Ding Dong – This Pension is Dead

Hostess Brands, Inc. shut down and I see a scenario where their union pension plans were the reason.  According to a news article there are two major unions at Hostess, IBEW Teamsters, which represents about 7,000 workers, and Bakery, Confectionary, Tobacco Workers and Grain Millers International Union (BCTGM) which represents about 5,000 employees.  I couldn’t find the IBEW plan but the 2011 5500 filing for the BCTGM Multiemployer Pension Fund (This Dead Plan) told me all I needed to know.

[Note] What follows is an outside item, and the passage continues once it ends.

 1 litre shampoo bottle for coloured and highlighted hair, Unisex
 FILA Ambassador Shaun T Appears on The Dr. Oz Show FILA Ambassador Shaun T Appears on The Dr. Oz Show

As of January 1, 2011 This Dead Plan had $5 billion in assets (valued at market and this number dropped to $4.5 billion by the end of 2011)  and $10 billion in liabilities valued using conservative assumptions (i.e. a much lower interest rate than was used for funding since PPA’06 tightened up the rules for single-employer funding but left actuaries with discretion when it comes to these union plans).  $155 million in contributions was coming in annually and $550 million was going out in benefit payouts plus another $27 million in administrative fees*.  70% of the $116,708 participants were either retired or inactive leaving the remaining 30% to shoulder the contribution load.  Hostess Brands, Inc. accounted for about 15% of active participants and plan contributions and was obviously looking to cut costs but then they hit a wall that is the Multiemployer Pension Plan Amendments Act of 1980 (MPPAA).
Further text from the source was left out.